IP-XACT standard describes an eXtensible Markup Language (XML) schema for documenting intellectual property (IP) used in development, implementation, and verification of electronic systems. The schema provides a standard method to document IP that is compatible with automated integrating techniques and a standard method (generator) for linking tools into a system development framework. The standard is independent of any specific design processes. It does not cover behavioral characteristics of the IP that are not relevant to integration.[9]

#### 3.7 Processor Verification

Processor is a central component in SoCs. Usually there is either control CPU, digital signal processor (DSP), application specific instruction set processor (ASIP), co-processor or set of many processors.

The design and verification effort of a custom CPU core is significant and its benefits over an off-shelf CPU core must be justified [10]. Typically the costs associated to the verification of a processor are very high [11], and costs of failed verification and re-spin even higher.

For example in 1994, Doctor Thomas R. Nicely discovered a bug in Intel's Pentium processor's floating point unit (FPU) during mathematical research. Nowadays, the bug is known as Intel FDIV bug and it affected wrong decimal results during

complex calculations. In response of the discovery, Intel announced recall of the flawed processors. In 1995, Intel announced "a pre-tax charge of 475 million dollars against earnings, ostensibly the total cost associated with replacement of the flawed processors".[12]

The requirement to support legacy software and/or a high level programming language is a driving factor when selecting a CPU core for many applications. This requirement typically limits designer flexibility to a set of binary compatible cores with available software tools.[10]

The processor verification can be done in theory using formal or simulation-based methodologies. As formal methodology is good forsmall blocks[11], it can be used for verification of arithmetic-logical unit and other sub-blocks. However, formal cannot be used for complete processor verification, as formal methods does not take timing into account. At some point of processor verification, simulation based verification must be taken into use.

A processor presents a unique verification challenge, particularly one with pipeline, jumps, branches, multi-cycle instructions, and hazards[13], [10]. The chosen verification methodology needs to:

- 1. have quick ramp up time
- 2. randomly generate instructions
- 3. steer randomly generated instructions into interesting corner cases
- 4. use functional coverage to stop the test bench once functional coverage is obtained[10]

A simplified processor verification environment example is shown in Figure 3.8. The Figure is generalized version of a figure in Becvar's and Tumbush's paper [10] which presents verification environment of CPU core and hardware accelerator unit for image processing application.

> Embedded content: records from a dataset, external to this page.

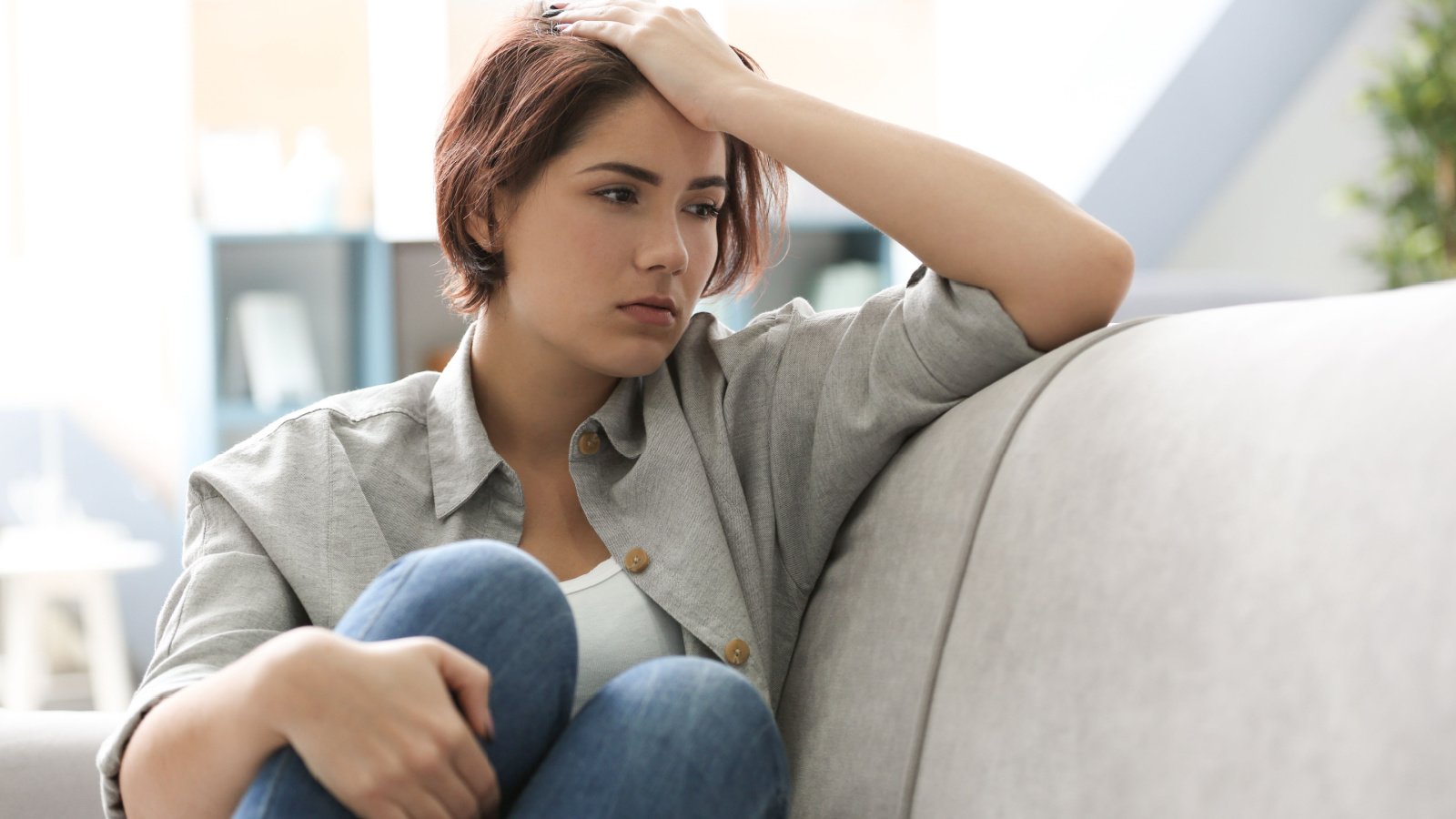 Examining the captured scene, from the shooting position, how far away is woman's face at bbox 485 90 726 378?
1090mm

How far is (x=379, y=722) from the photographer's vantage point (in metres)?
0.69

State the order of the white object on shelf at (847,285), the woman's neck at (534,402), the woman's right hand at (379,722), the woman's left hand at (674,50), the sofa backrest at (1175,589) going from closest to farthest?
the sofa backrest at (1175,589) < the woman's right hand at (379,722) < the woman's left hand at (674,50) < the woman's neck at (534,402) < the white object on shelf at (847,285)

Figure 3.8: Processor verification environment

If the hardware accelerator is omitted, the needed verification components for simulatorbased verification are:

- 1. Agents
  - (a) RAM agent
  - (b) Firmware agent
- 2. Scoreboard
  - (a) Transaction models
  - (b) Predictors
  - (c) Checkers
- 3. Environment

RAM agent monitor RAM interface and provide transaction items of each RAM access to the Scoreboard. The Firmware agent is used for generating instructions to the DUV. The generated instructions are also given to the Scoreboard.

To create a golden model or predictor requires a designer's level of knowledge about the DUV and can take very long term to create. Only model as low level as absolutely necessary. [10]

For processor verification, a random program generator is needed. The random generated program can be written to instruction memory before execution of the program or instructions can be generated during the simulation and by injecting the instructions to instruction bus. Kamath [11] suggests following programming rules to follow:

- 1. The generator must produce existing instructions with valid (legal) arguments
- 2. The target address of a branch instruction must be a valid program location
- 3. A number of branches or subroutine calls must not create an infinite loop
- 4. After a call to subroutine there must be a return from subroutine
- 5. A software loop must have a branch back to the loop start
- 6. No attempts to pop elements from an empty stack or push elements on a full stack

Kamath suggested programming rules are valid for random program generator which generates instructions and stores them to instruction memory before execution. If generated instructions are injected to the instruction bus on-the-fly, instruction can be different even if the instruction is "fetched" from the same address as earlier in the same test. Therefore, with on-the-fly injection, there is no need to worry about infinite loops or invalid program locations.

# 4. RISC PROCESSORS

#### 4.1 **RISC**

The early computer systems were hard coded to perform specific tasks. Later, the computer systems handled more tasks which were executed according to instructions fetched from a memory. The instructions determined the function and parameters used by the computer. An instruction listing, a program was made for that specific computer and was not portable. The program was written in a machine language or assembly. Later on, compilers and better programming languages were developed to support program compilation for different target processors. [14]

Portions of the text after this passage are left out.